Les pro-Kanaky, qui avait, de l’avis général, réussi leur mobilisation il y a deux ans, n’ont pas changé de recette. La campagne s’est étirée de réunions de quartiers en « comités nationalistes » en tribus, d’abord à l’écart des objectifs, puis, depuis quelques semaines, devant les micros et caméras. « Se libérer du carcan de la France », « prendre en main son destin », « tisser des liens d’égal à égal » avec Paris et « pouvoir discuter avec tout le monde »… 167 ans – et quelques jours – après la prise de possession de la Nouvelle-Calédonie par la France – « c’est plus que la Polynésie ! » note Roch Wamytan – les messages sont bien rodés. « Il ne faut pas manquer cette occasion-là, insiste le signataire des accords de Nouméa. Par le passé nous avons raté des opportunités ».

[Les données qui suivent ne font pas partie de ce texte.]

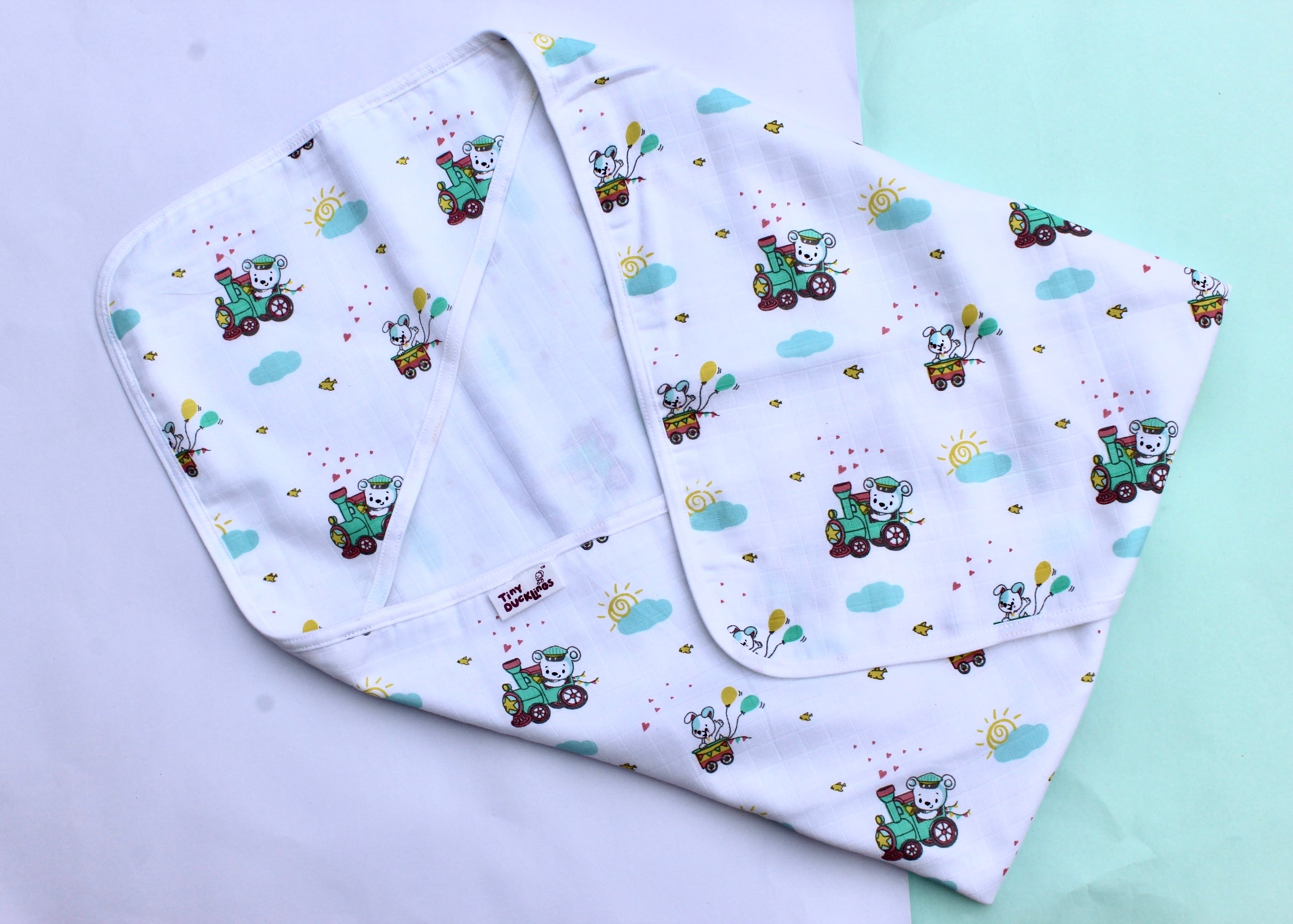 Blushing bears - Receiving Blanket with Hood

Main tendue à « tous les Océaniens »

Un peu plus de 18 500 voix avaient séparé le oui et le non en 2018. Pour rattraper ce retard, les indépendantistes comptent sur les quelques 33 000 abstentionnistes du premier référendum, auquel s’ajoutent 2 200 votes blancs et nuls et quelques milliers de jeunes majeurs… Mais au FLNKS, on le sait, pour l’emporter, il faudra aussi faire basculer des votes. Roch Wamytan, dont les sorties clivantes, voire excluantes à l’égard d’autres communautés ont parfois fait débat par le passé, développe cette fois un message rassembleur : « Notre projet, ça n’est pas de rejeter l’autre », insiste-t-il. La figure de l’Union Calédonienne rappelle l’alliance formée récemment au Congrès avec le parti communautariste wallisien « L’Éveil Océanien », non aligné ce 4 octobre. « Nous nous sommes rapprochés de nos frères océaniens et nous leur avons offert de participer à ce grand projet », dit-il.

Les loyalistes le martèlent : le projet du FLNKS est « excluant » des autres communautés, « dangereux pour le vivre ensemble », par ses références constantes à l’identité Kanak et par la place donnée à la coutume dans son système institutionnel. « Les Kanak, ce sont tous les gens du pays », répond le grand-chef du district de Pont-des-Français, et donc d’une partie de Saint-Louis, la tribu la plus proche de Nouméa. Il parle de « Kanak d’origine mélanésienne, wallisienne, polynésienne… » et n’oublie pas d’inclure, dans la « majorité océanienne » qu’il voit se dessiner dans le pays, les « Caldoches », Calédoniens d’origine européenne présents depuis plusieurs générations sur le Caillou. Des catégorisations avant tout culturelles vu les métissages, nombreux depuis les temps du bagne, mais longtemps passés sous silence. « Ils ont mis du temps à le reconnaitre, mais 80% des Caldoches de Calédonie ont des origines Kanak, avance Roch Wamytan, sans plus de références. En tout cas, nous considérons que les Caldoches ce sont des Océaniens aussi ».

 

L’État « s’accroche comme une huître pour ne pas nous lâcher »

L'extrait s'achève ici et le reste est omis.